# AMS516 Homework 1. Continuous-time stochastic linear quadratic regulators (LQR)

## Juan Perez Osorio

# **1. An infinite-horizon discounted stochastic LQR problem**

Consider the following continuous-time dynamics:

$$dx_t = (Ax_t + Bu_t)dt + Gdw_t$$

where:

* $x_t \in \mathbb{R}^n$ is the state vector
* $u_t \in \mathbb{R}^m$ is the control input
* $w_t$ is a standard $r$-dimensional Wiener process
* $G \in \mathbb{R}^{n \times r}$ is the noise gain matrix

The discounted quadratic cost is given by:

$$J(x_0; u) = \mathbb{E}\left[ \int_0^\infty e^{-\rho t}(x_t^\intercal Q x_t + u_t^\intercal R u_t) dt \right]$$

with:

* Discount rate $\rho > 0$
* $Q \geq 0$ (positive semidefinite)
* $R \geq 0$ (positive semidefinite)

The goal is to find optimal feedback control $u_t = -Kx_t$ minimizing $J$.

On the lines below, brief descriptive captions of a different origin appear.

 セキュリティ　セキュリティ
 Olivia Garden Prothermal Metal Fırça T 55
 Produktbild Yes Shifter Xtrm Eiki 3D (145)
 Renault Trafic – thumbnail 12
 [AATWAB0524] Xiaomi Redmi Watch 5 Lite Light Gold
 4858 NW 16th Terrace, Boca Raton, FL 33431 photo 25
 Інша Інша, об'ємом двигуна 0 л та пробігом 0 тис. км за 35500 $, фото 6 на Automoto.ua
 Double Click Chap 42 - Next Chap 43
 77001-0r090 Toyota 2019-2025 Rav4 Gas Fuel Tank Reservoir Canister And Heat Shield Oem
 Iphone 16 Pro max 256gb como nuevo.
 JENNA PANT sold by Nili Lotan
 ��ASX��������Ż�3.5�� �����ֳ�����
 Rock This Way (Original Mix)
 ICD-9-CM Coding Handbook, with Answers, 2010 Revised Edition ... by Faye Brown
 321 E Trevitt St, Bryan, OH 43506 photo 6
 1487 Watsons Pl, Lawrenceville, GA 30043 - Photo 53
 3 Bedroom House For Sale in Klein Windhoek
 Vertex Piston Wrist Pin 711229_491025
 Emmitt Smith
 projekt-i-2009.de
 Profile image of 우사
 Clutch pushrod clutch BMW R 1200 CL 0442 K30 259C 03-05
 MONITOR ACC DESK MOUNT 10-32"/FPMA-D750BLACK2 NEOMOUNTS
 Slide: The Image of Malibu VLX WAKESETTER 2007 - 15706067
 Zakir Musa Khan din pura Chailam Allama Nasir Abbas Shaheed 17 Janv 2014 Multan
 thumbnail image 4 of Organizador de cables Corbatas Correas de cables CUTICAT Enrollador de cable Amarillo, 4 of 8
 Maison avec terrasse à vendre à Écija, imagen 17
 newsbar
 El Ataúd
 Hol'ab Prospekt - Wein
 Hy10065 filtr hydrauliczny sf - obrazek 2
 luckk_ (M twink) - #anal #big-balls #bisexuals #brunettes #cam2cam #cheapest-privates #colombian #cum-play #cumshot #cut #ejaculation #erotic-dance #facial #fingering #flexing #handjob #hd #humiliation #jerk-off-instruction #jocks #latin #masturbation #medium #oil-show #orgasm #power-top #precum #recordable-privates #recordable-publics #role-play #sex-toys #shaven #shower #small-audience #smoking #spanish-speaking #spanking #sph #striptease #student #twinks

The Hamilton-Jacobi-Bellman (HJB) equation for the discounted cost is:

$$\rho V(x) = \min_u \left\{x^\intercal Q x + u^\intercal R u + \nabla V(x)^\intercal (Ax + Bu) + \frac{1}{2} \text{tr}(GG^\intercal \nabla^2 V) \right\}$$

The value function $V(x)$ and the optimal control $u$ have the form:

$$V(x) = x^\intercal P x + c$$
$$u = -R^{-1} B^\intercal P x$$

Moreover, $P$ satisfies the discounted continuous algebraic Riccati equation (CARE)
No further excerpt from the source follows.